▶ Your goal:
Using the listing below, set down each line from the line containing "2nd image of 2106 S 10th Ave" through the line containing "Apartamento T3 com", both ends included, exactly and with nothing added.

▶ Excerpted records:
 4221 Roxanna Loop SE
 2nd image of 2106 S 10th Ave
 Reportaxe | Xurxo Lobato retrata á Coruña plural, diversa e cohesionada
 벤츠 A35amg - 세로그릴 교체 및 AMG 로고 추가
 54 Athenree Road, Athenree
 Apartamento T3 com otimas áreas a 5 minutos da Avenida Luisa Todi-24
* * *
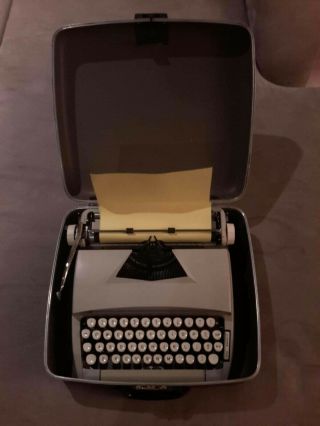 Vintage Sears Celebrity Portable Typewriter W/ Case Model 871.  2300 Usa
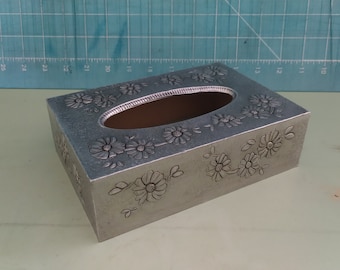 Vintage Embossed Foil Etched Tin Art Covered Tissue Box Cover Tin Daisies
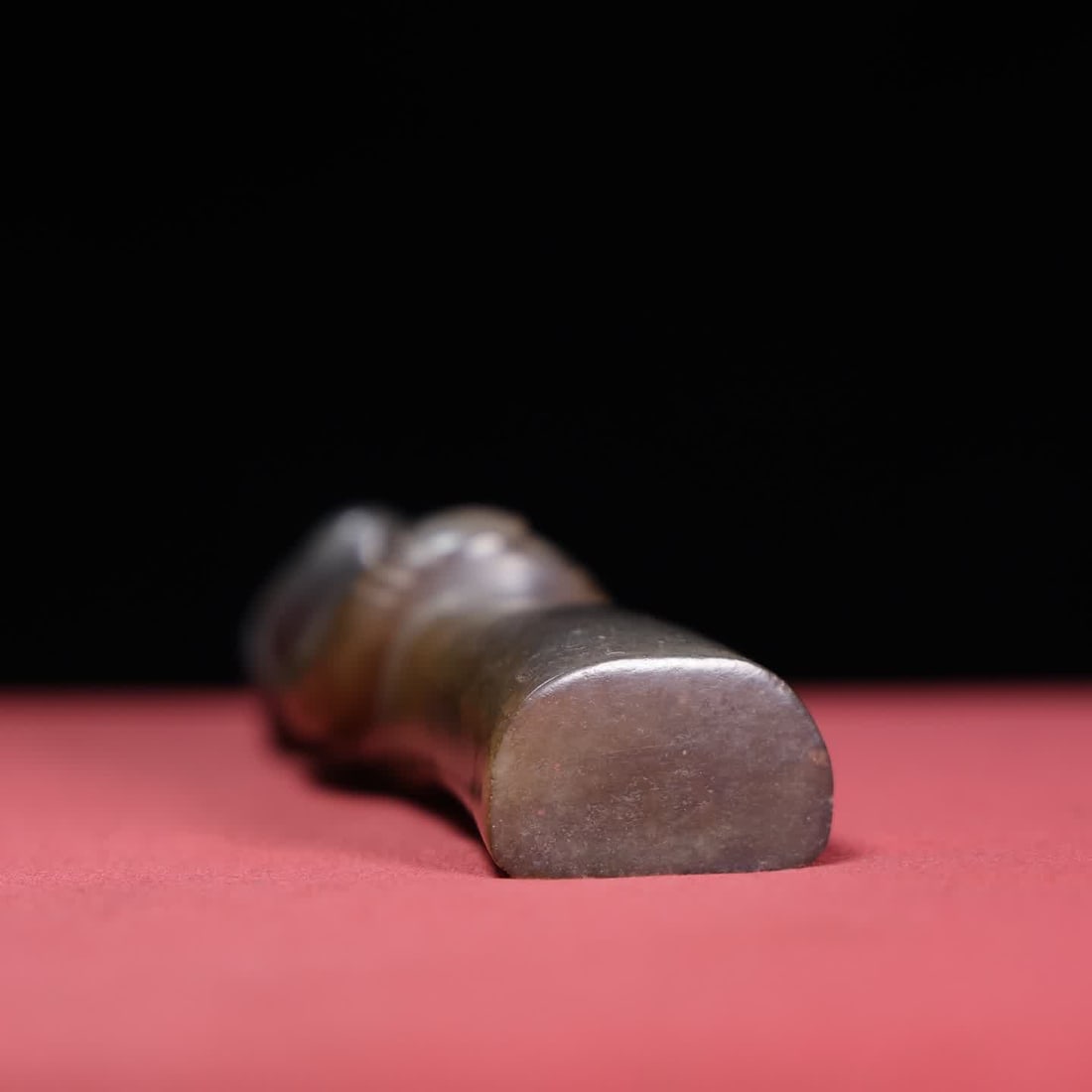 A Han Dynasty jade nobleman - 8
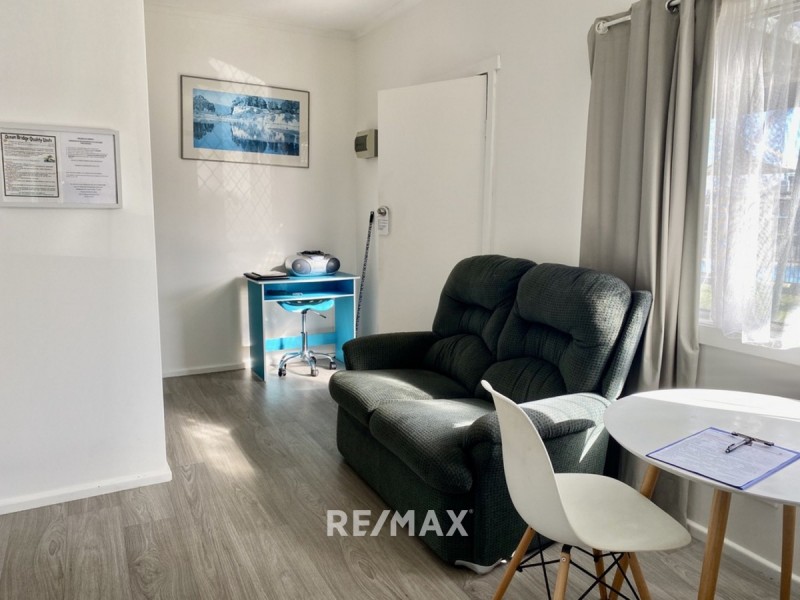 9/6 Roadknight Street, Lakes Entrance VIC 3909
==
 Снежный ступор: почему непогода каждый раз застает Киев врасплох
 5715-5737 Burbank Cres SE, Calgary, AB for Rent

▶ Result of the exercise:
 2nd image of 2106 S 10th Ave
 Reportaxe | Xurxo Lobato retrata á Coruña plural, diversa e cohesionada
 벤츠 A35amg - 세로그릴 교체 및 AMG 로고 추가
 54 Athenree Road, Athenree
 Apartamento T3 com otimas áreas a 5 minutos da Avenida Luisa Todi-24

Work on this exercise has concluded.